The self-harm of high taxes on oil, gas, coal and electricity

Main taxes on the oil and gas industry
The UK benefits from tax revenue from the oil and gas industry and from annual licence fees. The main taxes are:
Ring Fenced Corporation Tax (“RFCT”) of 30%
These taxes are charged on ring-fenced profits from oil and gas produced in the UK and the UK Continental Shelf. Ring-fenced profits are those that cannot be reduced by losses from other parts of the company. This 30% tax rate was intended to ensure the UK government received a fair share of returns from the UK’s natural resources. The standard UK corporate tax rate is currently 25%.
The Supplementary Charge (“SC”) of 10%
The 10% Supplementary Charge was introduced in 2016 and is also applied to ringfenced profits, but without a deduction for financing costs. However, the SC permits deductions for the Investment Allowances, Cluster Area Allowance, and Onshore Allowances. The Cluster Area allowance was introduced in the Finance Act 2015 and provides a 62.5% deduction on qualifying expenditure incurred in a designated Cluster area. So far, there is only one cluster area: the Culzean Cluster Area in the North Sea. The Onshore Allowance was introduced in the Finance Act 2014 to support the development of onshore oil and gas projects and allows 75% of capital expenditure to be deducted.
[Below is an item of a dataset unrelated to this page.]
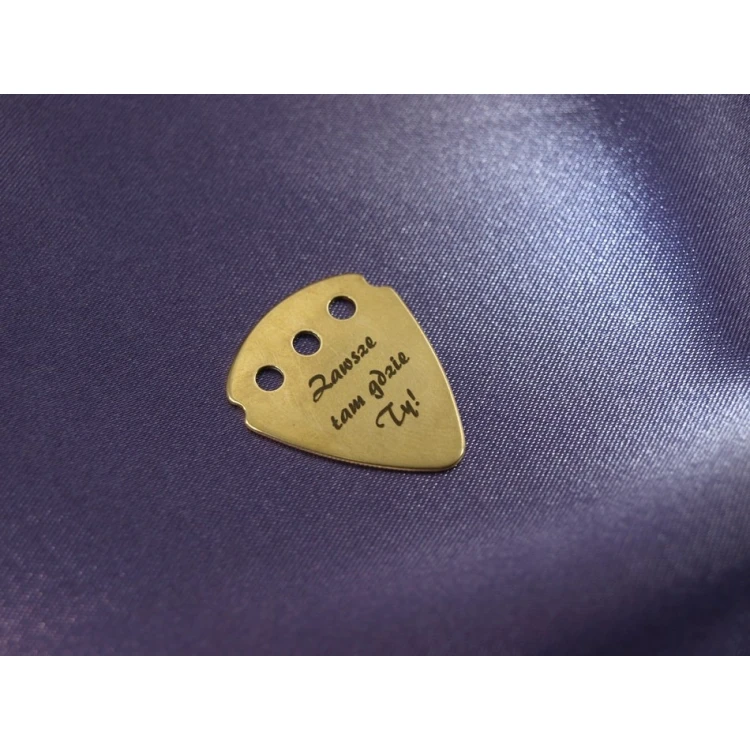 Naszyjnik kostka do gry na gitarze z własnym logo - mosiądz - KG01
The Investment Allowance is currently 62.5% of investment expenditure.
Petroleum Revenue Tax (“PRT”)
Previously, a 50% Petroleum revenue tax was imposed. This is a field-based tax charged on profits from oil and gas production in individual fields that received development consent before 16 March 1993. With effect from 1 January 2016, the Petroleum Revenue Tax rate was reduced to 0%. Petroleum Revenue Tax is a deductible expense in computing profits chargeable to Ring Fenced Corporation Tax and Supplementary Charge.
Energy Profits Levy (“EPL”) – “Windfall Tax”
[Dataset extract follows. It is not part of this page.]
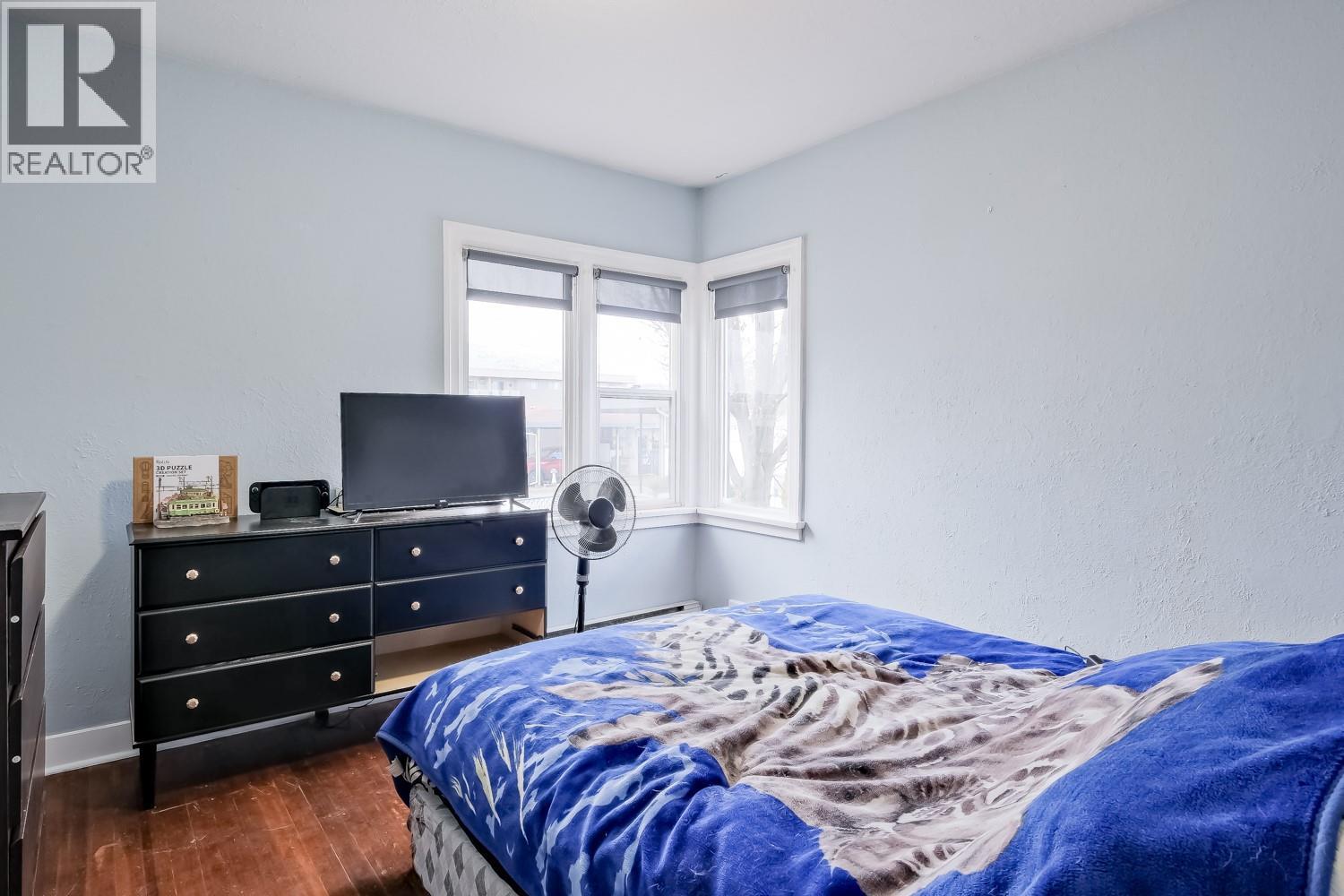 857 Main Street, Penticton, British Columbia  V2A 5E3 - Photo 31 - 10376427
Introduced following the Russian invasion of Ukraine as a temporary tax on the “Windfall profits” of oil and gas companies. Originally set at 25% for 3 years, the EPL has been increased and extended twice and is now 38% through to 2030. After its expiry in 2030, it will be replaced by a permanent tax. The EPL will expire before 2030 if the 6-month average price for both oil and gas is at or below the Energy Security Investment Mechanism threshold of £71.40 per barrel of oil and £0.54 per therm for gas.
The Oil and Gas Price Mechanism (“OGPM”)
The OGPM will be a permanent tax of 35%, applied to UK oil and gas firms operating in the UK and the UK Continental Shelf, and will be charged on the realised price a company receives above a threshold price of £90 per barrel for oil and 90p per therm for gas. The tax will be in addition to the ring-fenced 30% corporate tax and the 10% Supplementary Charge on ring-fenced profits paid by UK oil and gas companies. The threshold prices are not indexed and will be set manually by the government each year. The OGPM will become active if the EPL ends earlier than 2030 due to two consecutive quarters of low oil and gas prices.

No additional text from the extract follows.